__INSTRUCTIONS FOR THE TASK__: Only the lines from the one containing "Dino Zoo Transport Simulator banner" through the end of the entries are to be copied, exactly and without pictures, please.

Brief descriptive captions
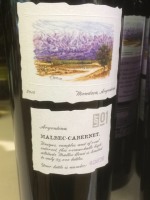 Aldi Lot 01 Malbec - Cabernet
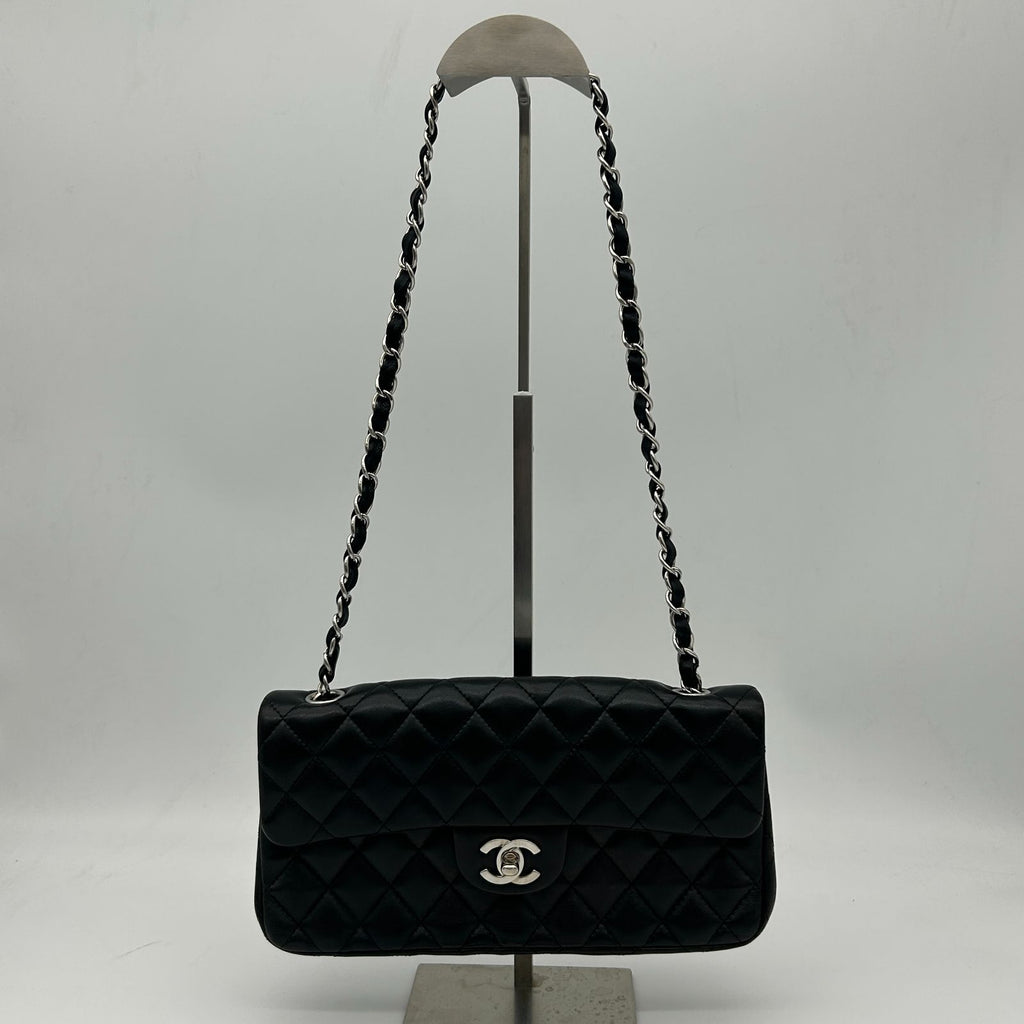Chanel Quilted Lambskin Leather Shoulder
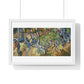 Tree Roots (1890) by Vincent Van Gogh, from the Original, Framed Art Print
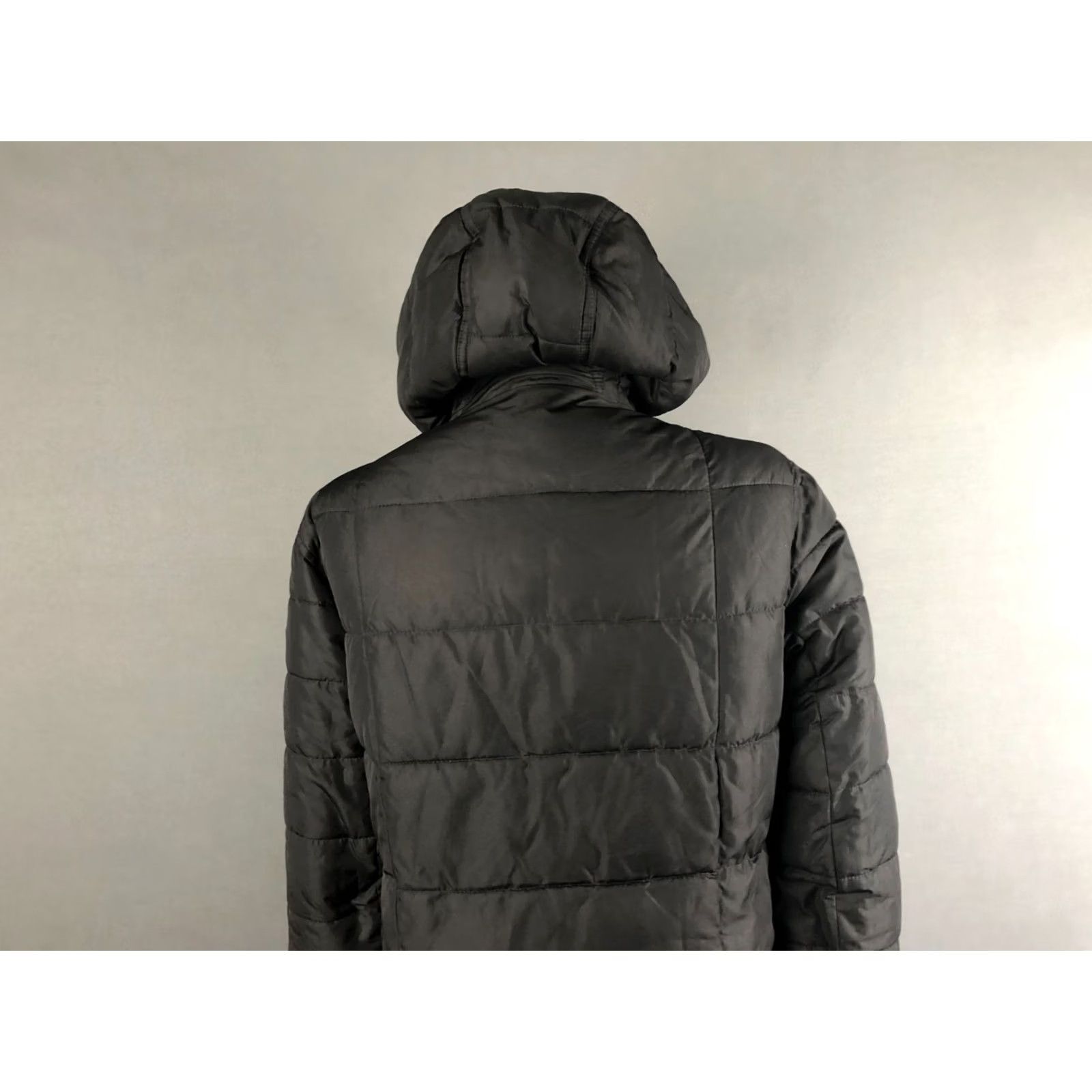 Barbour Barbour Carlin Quilt Jacket Size 8 Black Polyester Hooded Reversible Women's Size M / US 6-8 / IT 42-44 - 5 Thumbnail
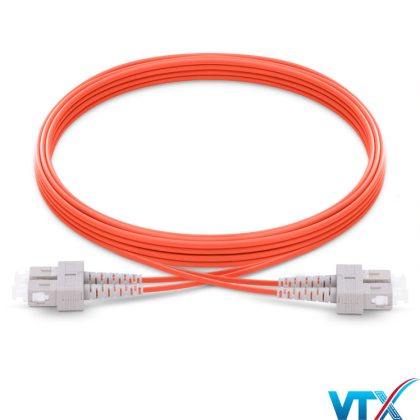 Dây nhảy quang Multimode (MM) OM2 50/125μm SC-SC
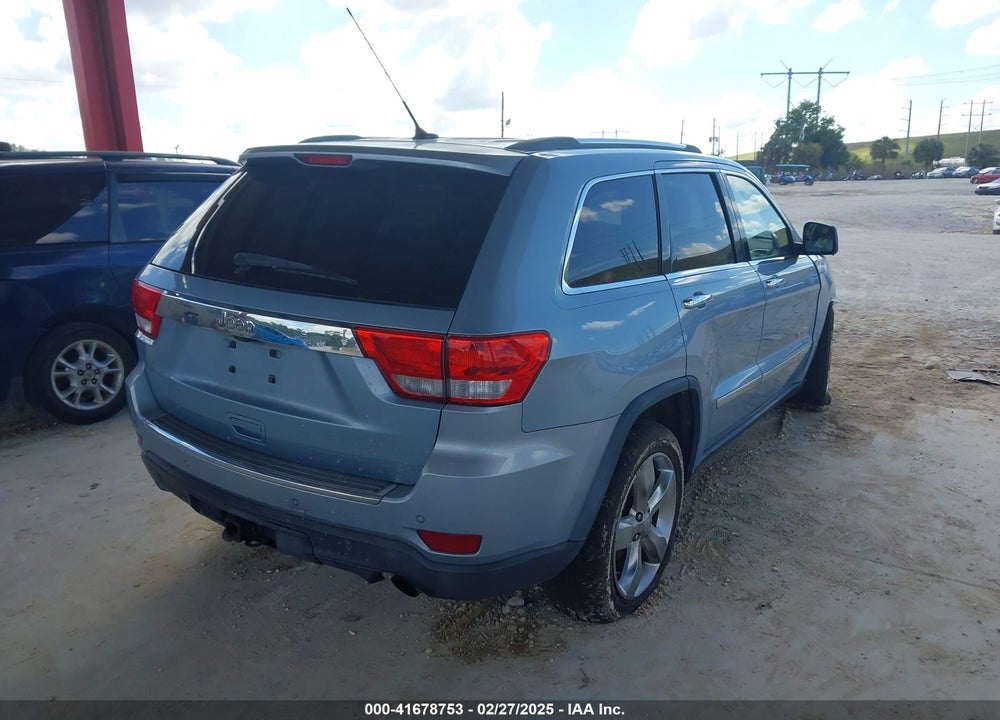 2012 JEEP GRAND CHEROKEE VIN: 1C4RJECG5CC263808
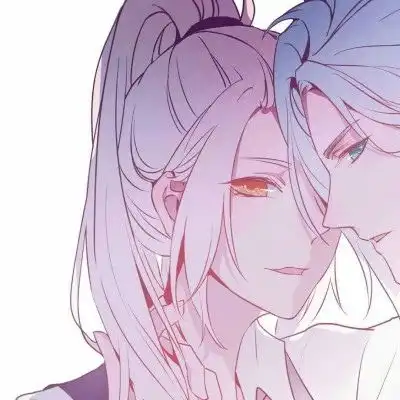 王者荣耀动漫情侣头像
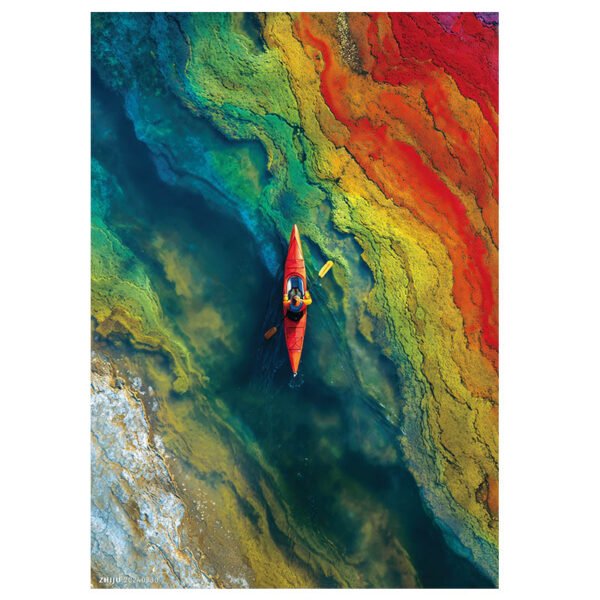 Zhiju-500pcs Jigsaw Puzzle-Rainbow Passage
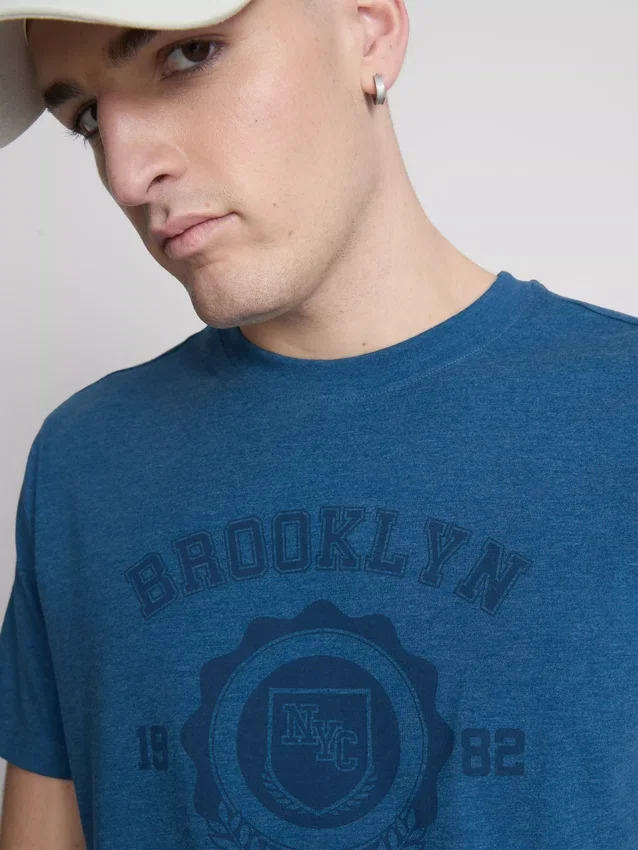 Tricou cu mâneci scurte Brooklyn Varsity Tricou cu mâneci scurte Brooklyn Varsity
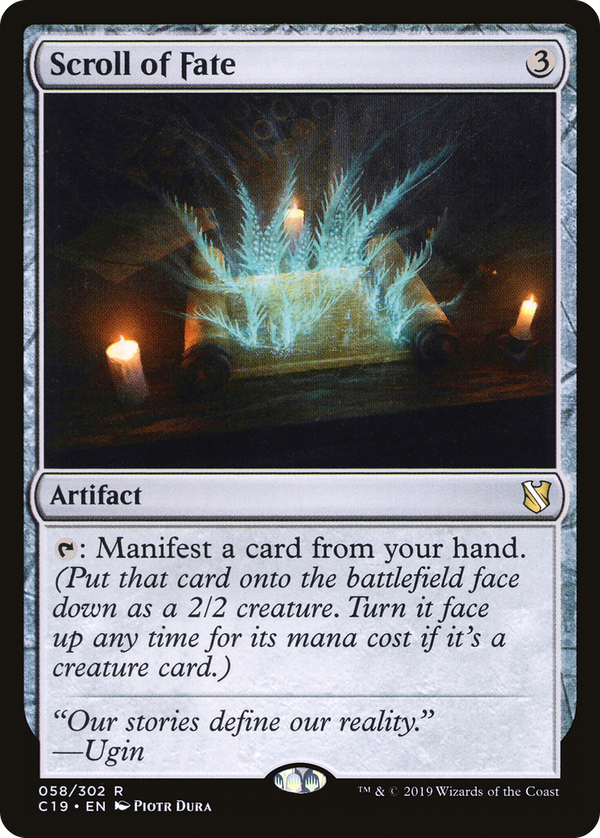 Scroll of Fate (c19)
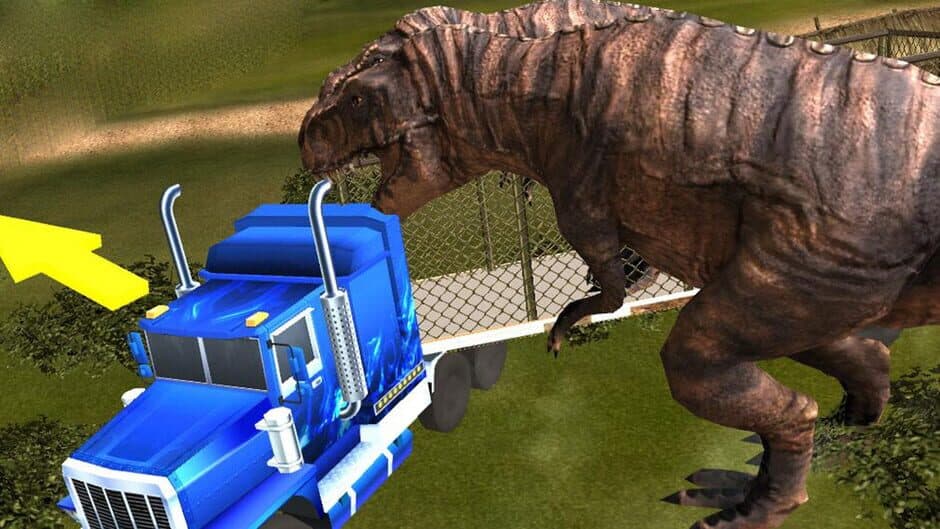 Dino Zoo Transport Simulator banner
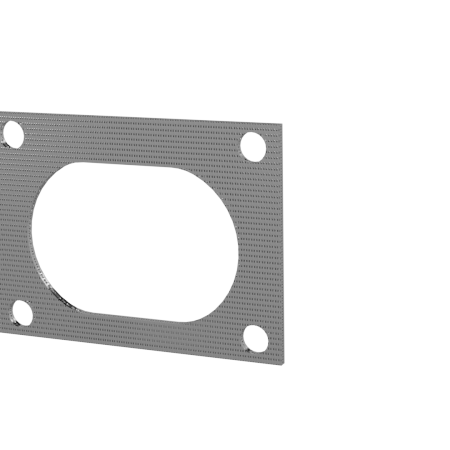 QTP Bolt-On QTEC Low Profile 4 Bolt Gasket-tuningsupply.com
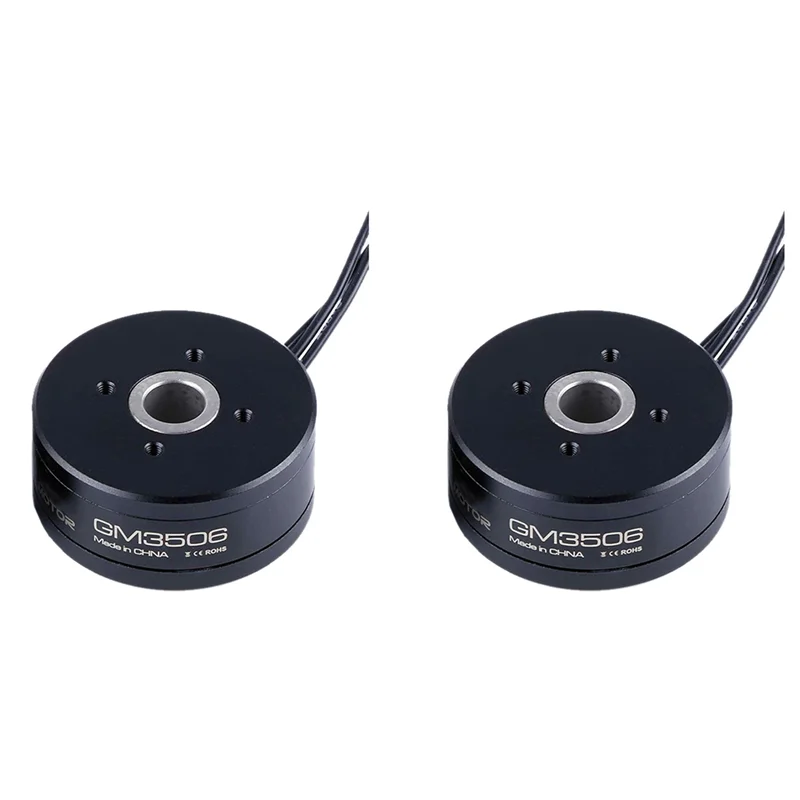 【Buy It-Now!】2X GM3506 Brushless Gimbal Motor Hollow Shaft With AS5048A Encoder For SLR Camera Stabilizing RC Multirotor
【Buy It-Now!】2X GM3506 Brushless Gimbal Motor Hollow Shaft With AS5048A Encoder For SLR Camera Stabilizing RC Multirotor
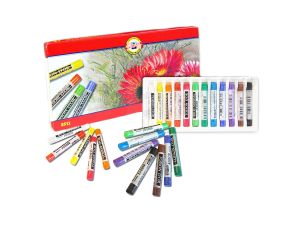PASTELE SUCHE 12 KOLORÓW KOH-I-NOOR OISON DOR 8512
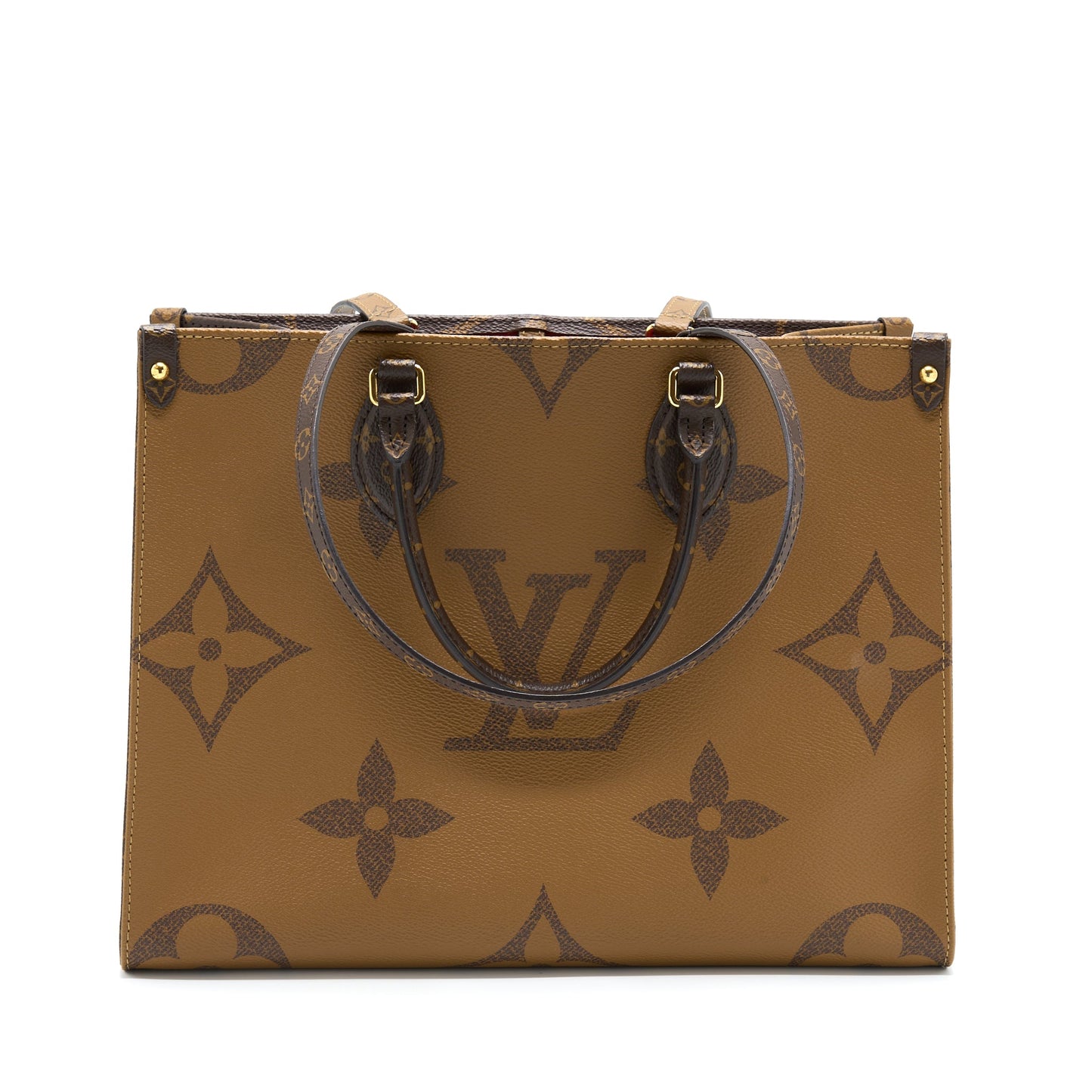 Louis Vuitton On The Go Monogram Reverse Canvas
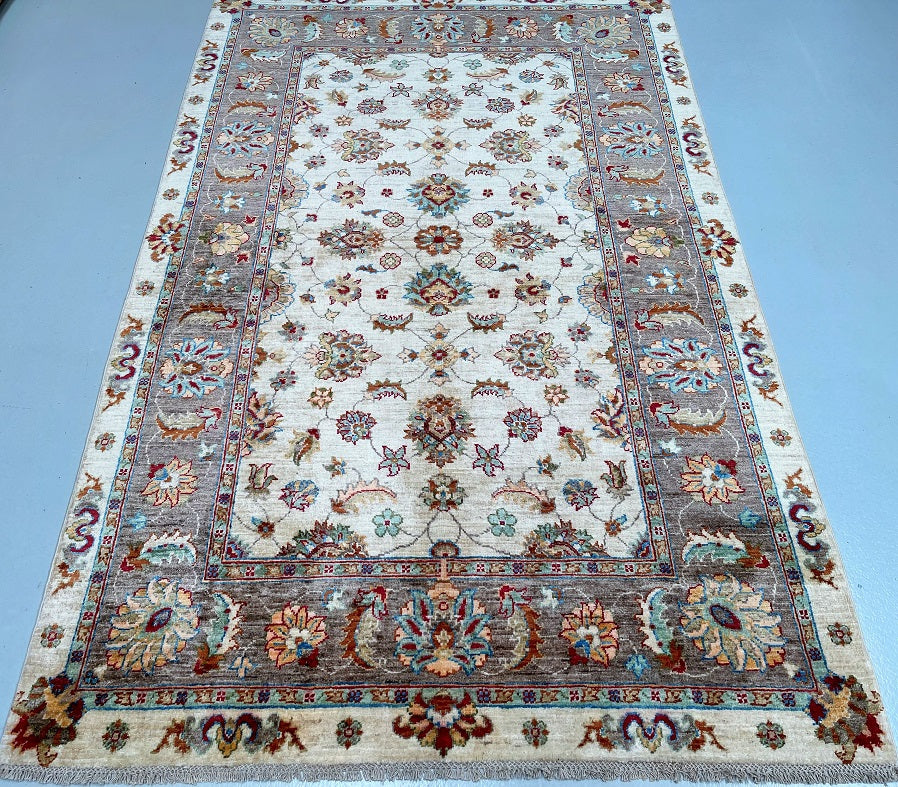 2.2x1.4m Afghan Sultani Chobi Rug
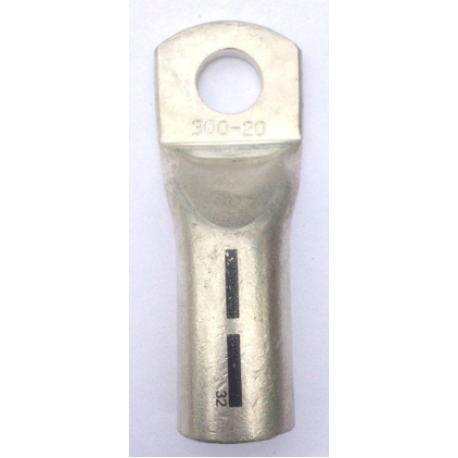 2R712L | Наконечник кабельный кольцевой с удлиненной гильзой для жилы 400кв.мм под болт М12 (ТМЛ-DIN)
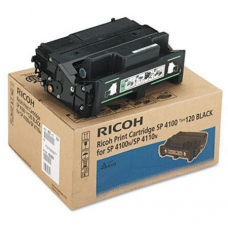 Ricoh 4100 Series Black Toner Cartridge (402809), High Yield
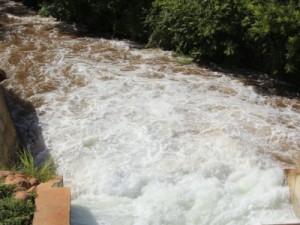 Águas do São Francisco chegaram ao açude Castanhão nesta quarta-feira (10)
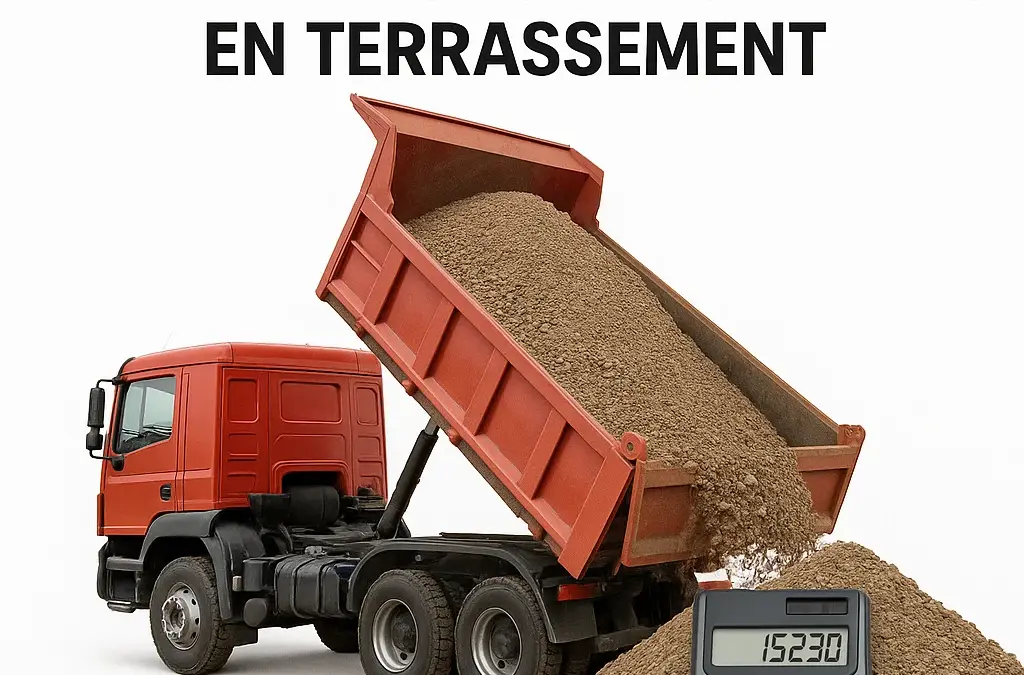 Transport du Granulat et Calcul du Foisonnement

__OUTPUT__:
 Dino Zoo Transport Simulator banner
 QTP Bolt-On QTEC Low Profile 4 Bolt Gasket-tuningsupply.com
 【Buy It-Now!】2X GM3506 Brushless Gimbal Motor Hollow Shaft With AS5048A Encoder For SLR Camera Stabilizing RC Multirotor
【Buy It-Now!】2X GM3506 Brushless Gimbal Motor Hollow Shaft With AS5048A Encoder For SLR Camera Stabilizing RC Multirotor
PASTELE SUCHE 12 KOLORÓW KOH-I-NOOR OISON DOR 8512
 Louis Vuitton On The Go Monogram Reverse Canvas
 2.2x1.4m Afghan Sultani Chobi Rug
 2R712L | Наконечник кабельный кольцевой с удлиненной гильзой для жилы 400кв.мм под болт М12 (ТМЛ-DIN)
 Ricoh 4100 Series Black Toner Cartridge (402809), High Yield
 Águas do São Francisco chegaram ao açude Castanhão nesta quarta-feira (10)
 Transport du Granulat et Calcul du Foisonnement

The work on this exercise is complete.